Many black Americans deem the inauguration, coming a day after the federal observance of the Rev. Martin Luther King Jr.'s birthday, as something of a holiday requiring cultural solidarity, much like the Million Man March or the first King holiday in 1986. Then as now, many black people felt compelled to miss work, said Mark Anthony Neal, a professor of black popular culture at Duke University.
It recalls the 1965 theatrical classic "Day of Absence," a one-act satire by black playwright Douglas Turner Ward that ponders events in a fictitious Southern town when all of the black people disappear.
"There's a symbolism to this moment that would allow that they stay home and celebrate in their own ways," said Neal, who plans to watch the ceremony with his daughters at their school.
Some businesses, particularly those with a large number of black employees, will accommodate workers, realizing the significance of the day.
Offices at The 100 Black Men of Atlanta will be closed to give the staff "an opportunity to participate in the experience" of the inauguration, said its chief executive officer John Grant.
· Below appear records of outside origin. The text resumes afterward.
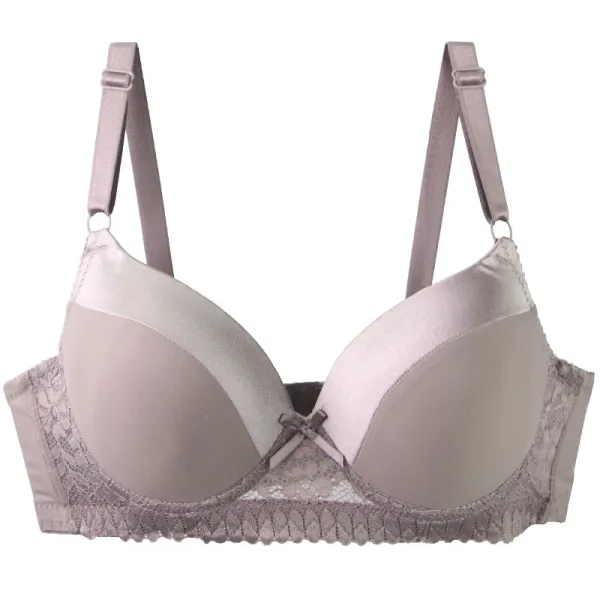Design Lace Trim Satin Underwire Bra in Dusty Rose Underwear - 1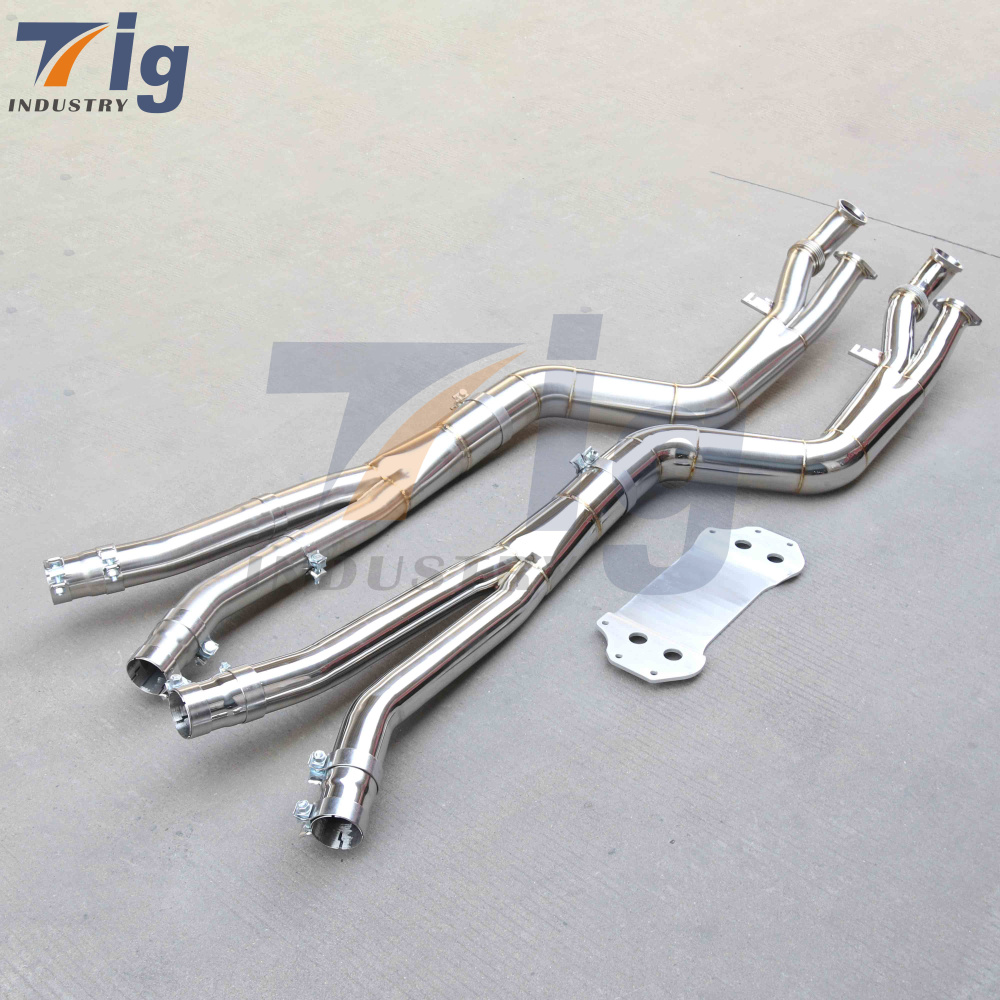 4.5" SS304 Exhaust single midpipe with backplate for BMW M3 M4 G80 G82 G8X muffler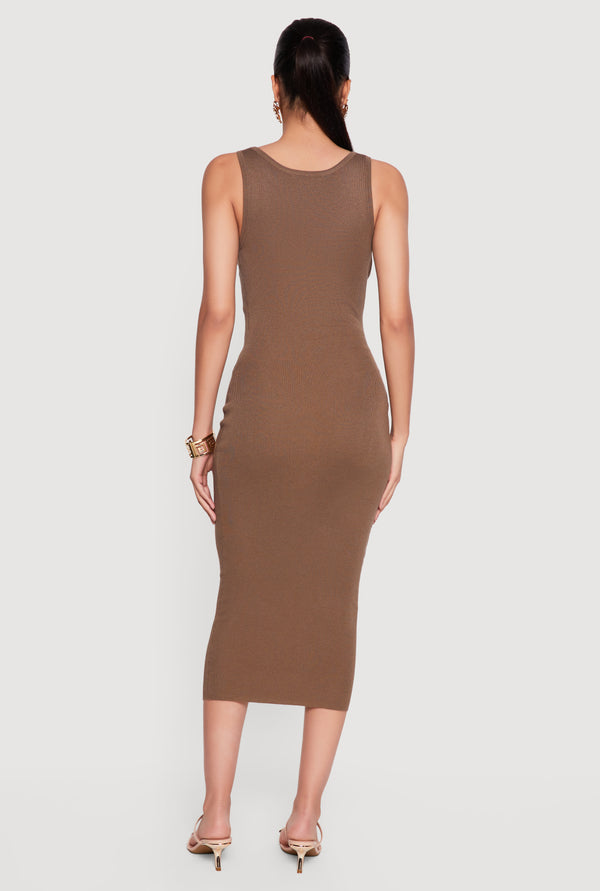 Plunge Neckline Sleeveless Midi Dress - Image 3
The group is a local chapter of The 100 Black Men of America, an organization of professional men who serve as mentors and role models for at-risk youth.
Many from there will spend at least part of their day at a boys' charter school in Atlanta, watching the ceremony with about 175 sixth- and seventh-graders, including quite a few who will interrupt their workdays to volunteer.
"We want to sit with these young men and have a conversation with them about the importance of what this means to the nation, to the world and the image for young African-American men to see (Obama) with his wife and family and what this can mean for them," Grant said.
Organizations like the National Association for the Advancement of Colored People, headquartered in Baltimore, will stay open, though employees will likely pause to watch the events.